An Imaginative Rethinking of the Cinderella Tale

This morning Opera San José (OSJ) made available an opera it had premiered in 2017 for free viewing through YouTube with separate videos for the first and second parts of the production. The opera is a new approach to the Cinderella narrative, whose music was composed by Alma Deutscher, who was thirteen years old at the time. Deutscher returned to OSJ five years later to revive their production and to serve as conductor.

It would be fair to say that Deutscher is firmly confident in her abilities as both composer and conductor. She probably even relishes the efforts of the video production team to superimpose occasionally her conducting on top of the image of the staging of the opera itself:

I suspect that there has been more than a little bit of skepticism over her capabilities. Nevertheless, I appreciated her contemporary take on the narrative and her ability to keep the narrative moving without ever lingering on any particular episode for too long. In addition, she brought an arch wit to reflecting on operas of the past, even when they did not involve the Cinderella narrative.

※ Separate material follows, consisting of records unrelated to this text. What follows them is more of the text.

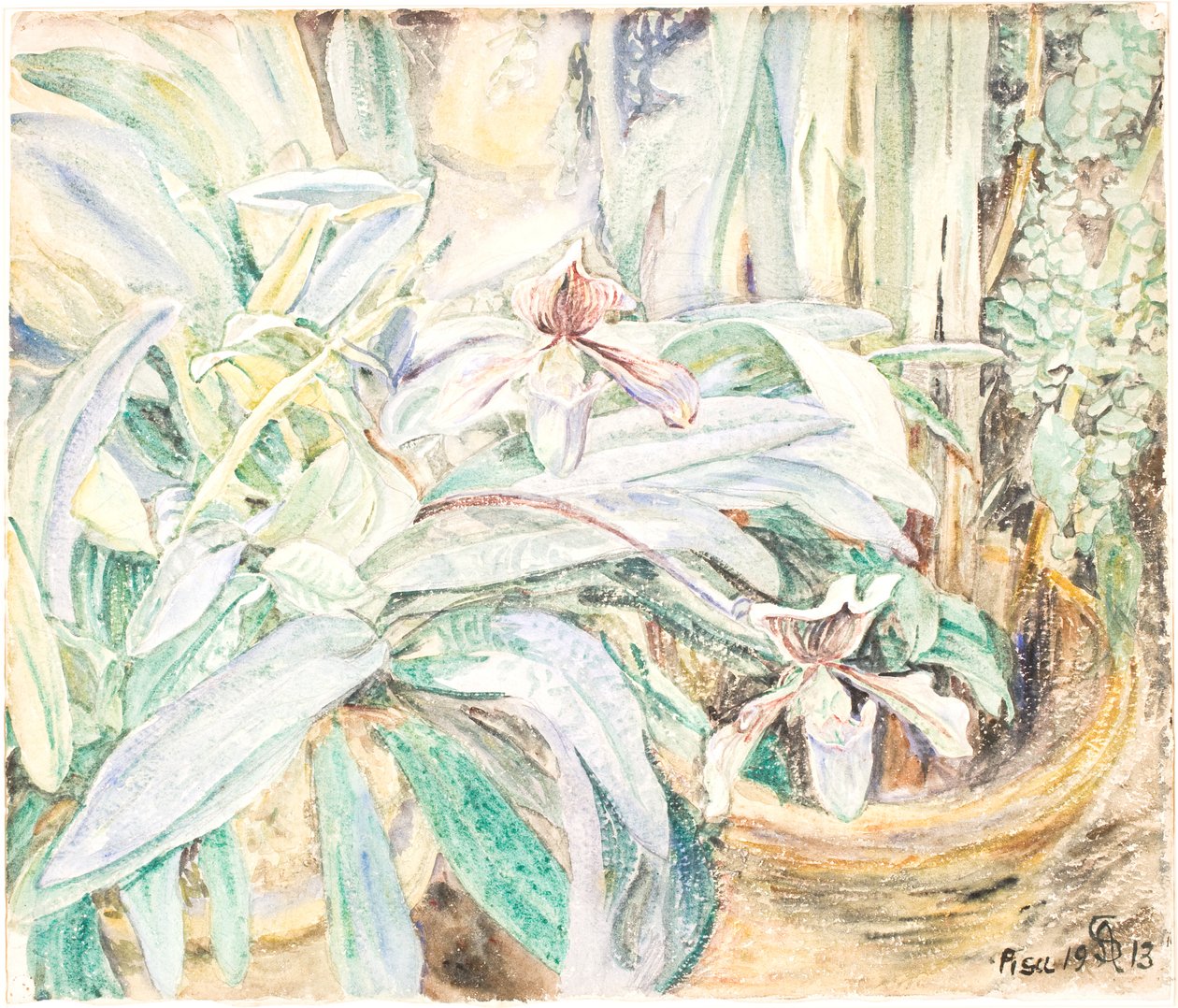 Orkidéer, botaniska trädgården, Pisa av Anna Syberg
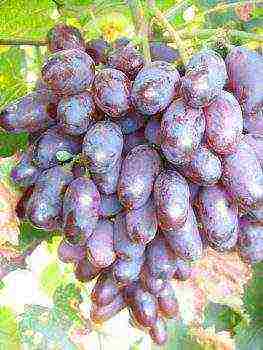 best late grape varieties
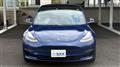 2019 Tesla Motors Others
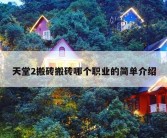 天堂2搬砖搬砖哪个职业的简单介绍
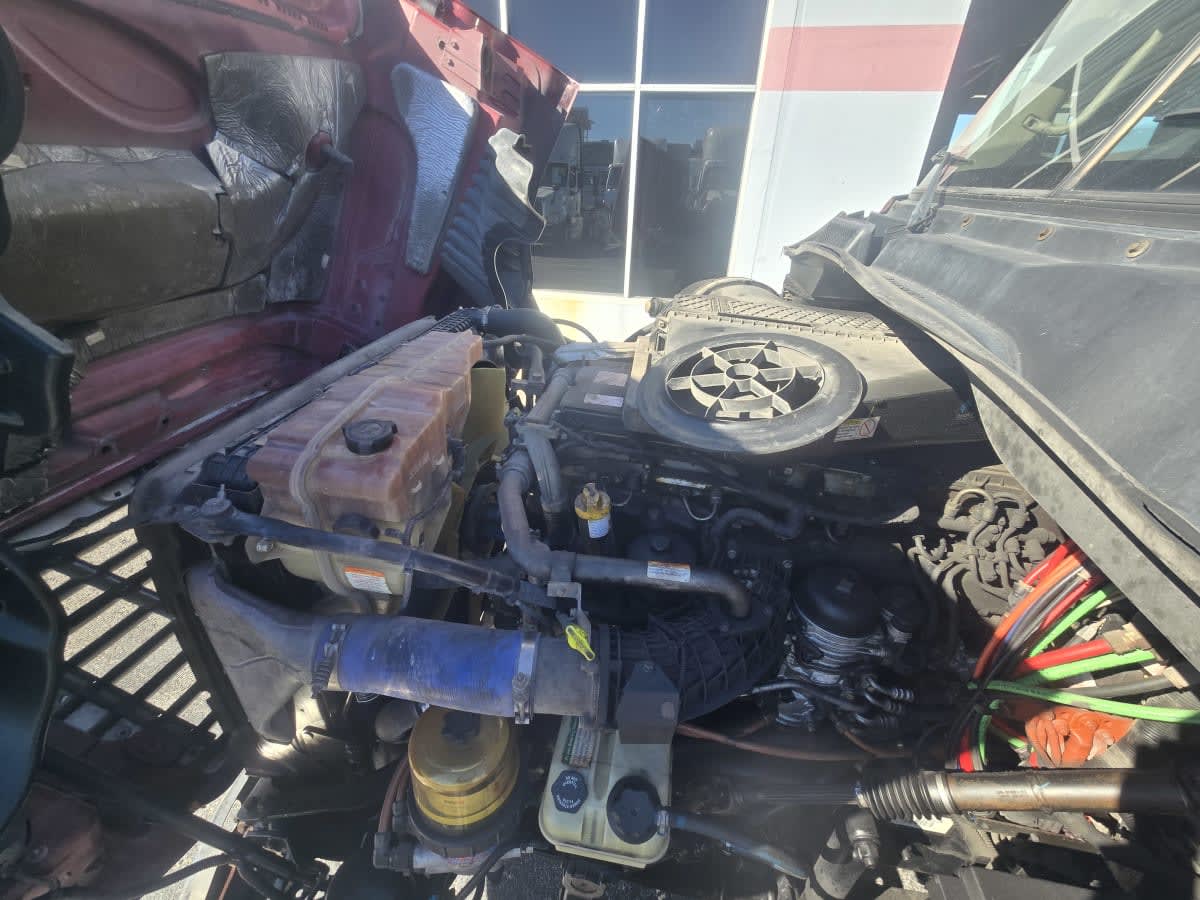 2019 Freightliner - image 8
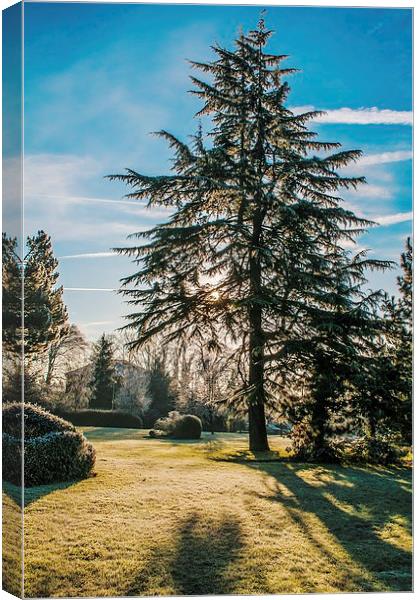 Frosty Morning Tree Canvas Print by Chris Nowicki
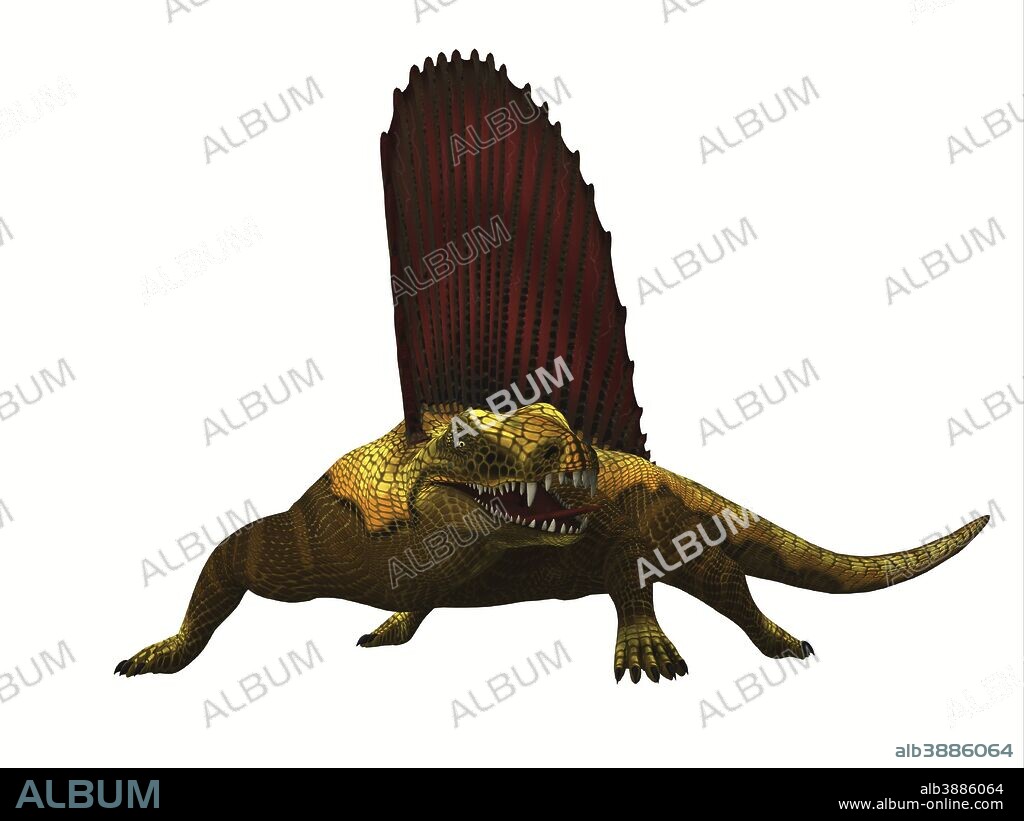Dimetrodon reptile, front view. Dimetrodon was a mammal-like sailback reptile that lived in the Permian Period of North America and Europe.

As a result, it was not entirely surprising that one of the episodes included a lapse into the travails of Giuseppe Verdi’s La Traviata, even if that action took place only in the orchestra pit. There was also an amusing moment when the stepsisters lapsed into “Beckmesser mode” with a nod to Richard Wagner’s Die Meistersinger von Nürnberg. Finally, it struck me that the way in which Cinderella (soprano Natalia Santaliz) and the Prince (tenor Joey Hammond-Leppek) encounter each other reminded me of Pamina and Tamino in Wolfgang Amadeus Mozart’s The Magic Flute.

For all of those cross-references, there was still more than enough originality to go around in the text of the libretto; and I came away from watching today’s video with thoughts that I might revisit the work in the not-too-distant future.